İbadetlerden ictimaî, siyasi, hukuki, ahlaki… hayata kadar her alanda İslâm’ın istediği insan ile bugün Müslümanım diyen insanlar arasındaki farka dikkat çekmek lazım; bu açıklığı fark etmek bile kulluk yolculuğunda önemli bir adımdır.
“Ümmetin üzerine bu ölü toprağı nasıl saçıldı, ümmet bu hale nasıl geldi?”
Çünkü gücü ve saygınlığı, Allah’a dayanıp müminlerle bir olmakta değil, ötekilere yamanmakta aradı ve çünkü imanı zayıfladı.

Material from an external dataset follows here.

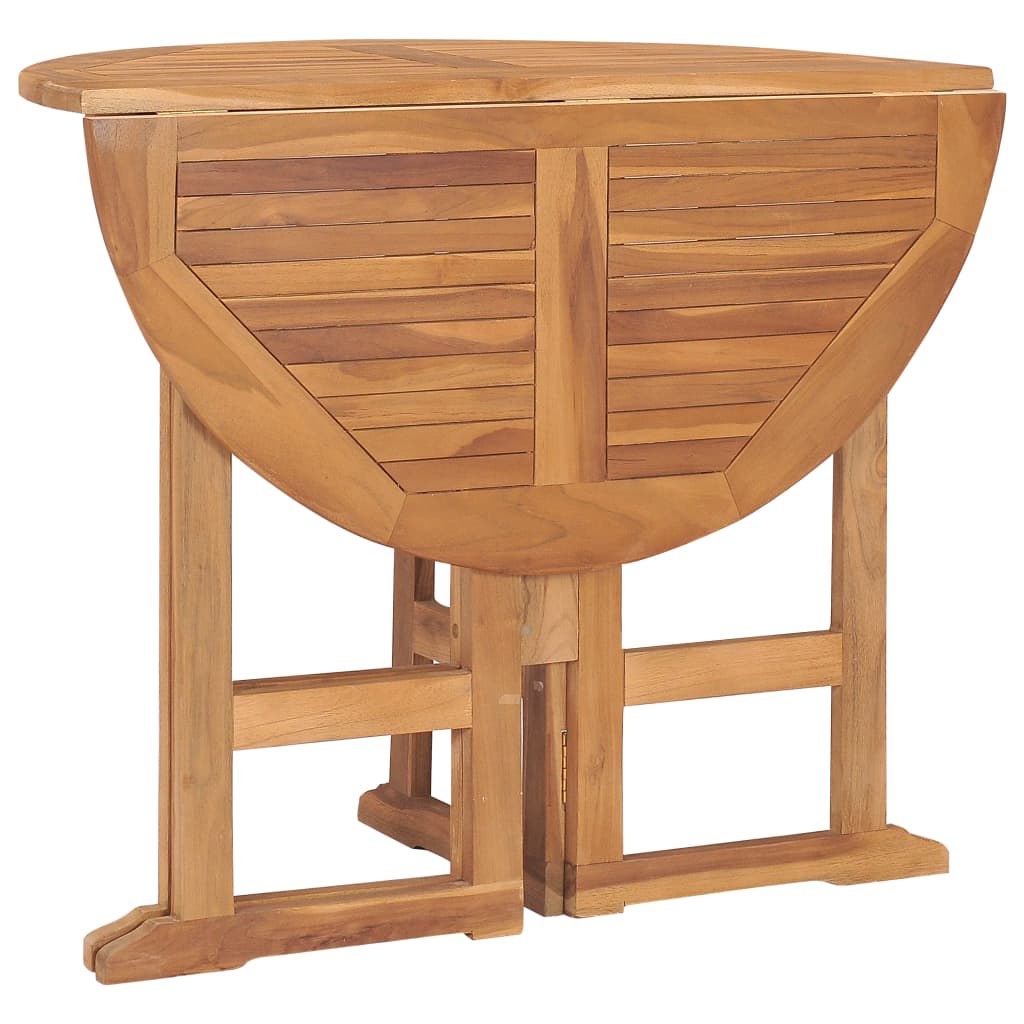 Set Mobilier De Exterior Pliabil, 5 Piese, Lemn Masiv De Tec Ø 90 X 75 Cm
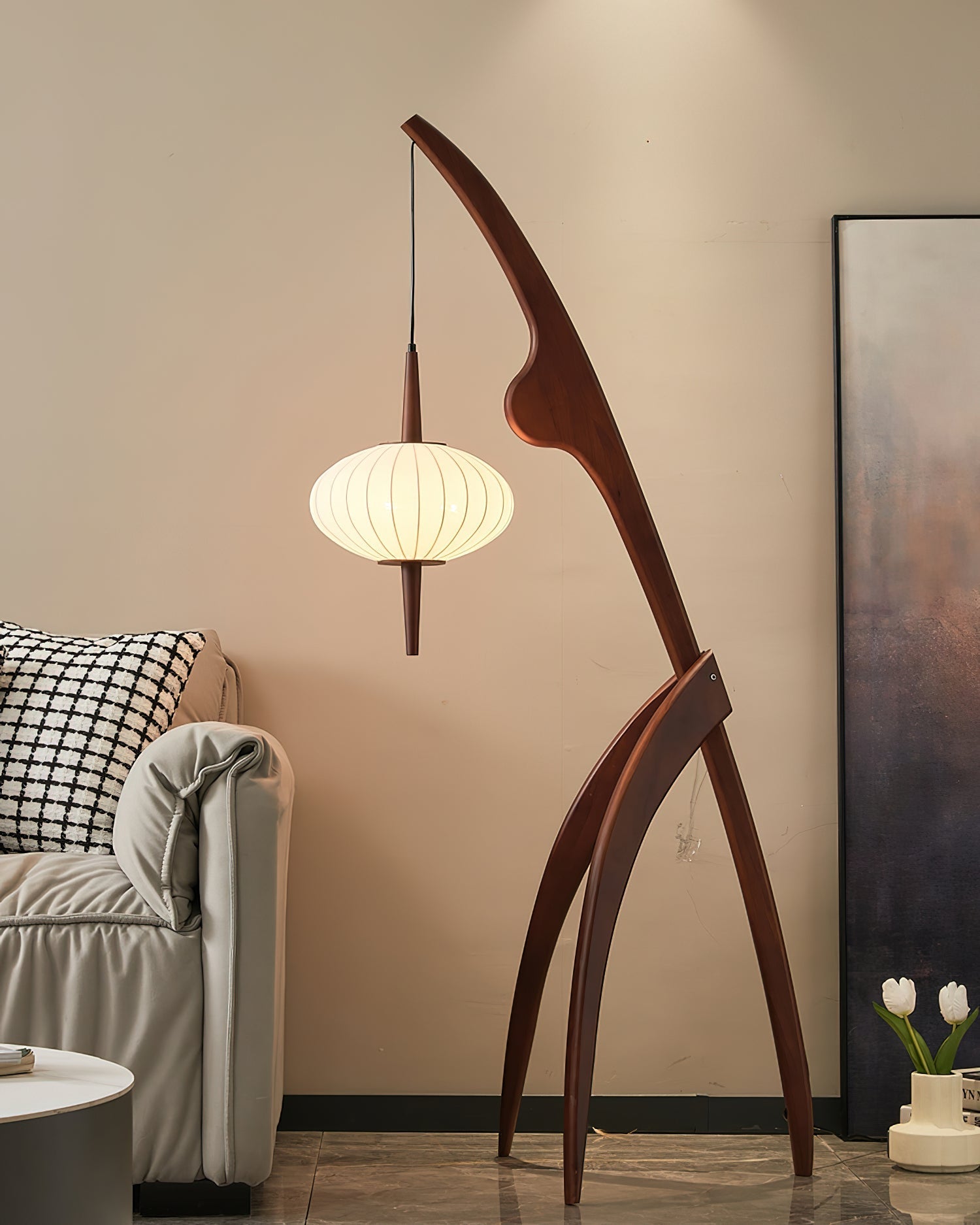 Ulen Mid Century Wooden Floor Lamp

Bu düşünceyi ilham eden birkaç ayetin meallerini sunuyoruz:
“Kim izzet isterse bilmeli ki izzet tamamıyla Allah’a aittir. Güzel sözler O’na yükselir; rızasına uygun iş ve davranışları da O yüceltir. Sinsi sinsi kötülük tasarlayanlar için çetin bir azap vardır ve onların tuzakları altüst olur.” (Fâtır, 35/10)
Şöyle diyorlar: “Hele Medine’ye dönelim, o zaman güçlü olan zayıf olanı oradan çıkaracak!” Halbuki asıl güç ve izzet Allah’ındır, Rasulünündür, müminlerindir; fakat münâfıklar bunu bilmezler!” (Münâfikûn, 63/ 8)
“Gevşeklik göstermeyin, üzülmeyin; eğer inanmışsanız şüphesiz en üstün olan sizsiniz./ Eğer siz (Uhud’da) bir yara aldıysanız bilin ki o topluluk da benzeri bir yara almıştı. Allah gerçek müminleri ortaya çıkarsın ve uğrunda şehitleri olsun diye o günleri biz insanlar arasında döndürüp duruyoruz. Allah, zâlimleri sevmez.” (Âl-i İmran, 3/138-139)
Yüce Allah, Uhud Savaşı’nda yenilgiye uğramış olan müminleri teselli etmek için onlara Bedir Savaşı’ndaki zaferlerini ve müşriklerin yenilgilerini hatırlatmıştır. Ayrıca âyette belirtilen amaçlarla bu zafer ve yenilgileri insanlar arasında döndürüp durmuş, acı ve tatlı günleri her iki tarafa da tattırmıştır. Aksi halde hayatın imtihan oluşunun bir değeri kalmadığı gibi serbest irade ile iman etme imkânı da ortadan kalkardı.
“Siz üstün durumda iken gevşeklik gösterip barış çağrısı yapmayın! Allah sizinledir, amellerinizin karşılığını asla eksiltmeyecektir./Dünya hayatı oyun ve eğlenceden ibarettir. Siz iman eder ve Allah’a itaatsizlikten sakınırsanız O da hak ettiğiniz karşılığı verecek, sizden servetinizi de istemeyecektir” (Muhammed, 47/35-36)
Burada müminler barış istemekten menedilmiyorlar, ancak üstün durumda iken veya mümin olmak üstün ve şerefli olmayı da ihtiva ettiği için zaaf ve gevşeklik gösterip düşmandan önce barış istemeleri uygun bulunmuyor, böyle bir davranış düşmana cesaret vereceği için bunun müminleri, “barış, adalet ve din özgürlüğünün hâkim olduğu bir dünya düzenini sağlama” amaçlarına ulaştırmayacağına işaret ediliyor.
Bu ayetlerde Allah Teâlâ izzetin, maddi ve manevî gücün; Allah’ın izin ve inayeti, müminlerin de iman, tevekkül ve gayretleri sayesinde Müslümanların olacağını açıkça ifade buyuruyor.
Peki, biz ümmet olarak niçin zayıfız ve düşman olan kâfirden medet umacak hale gelmişiz? Çünkü adımız Müslüman olsa da iman, şuur ve amelimiz İslam’dan hayli uzağa düşmüş de ondan!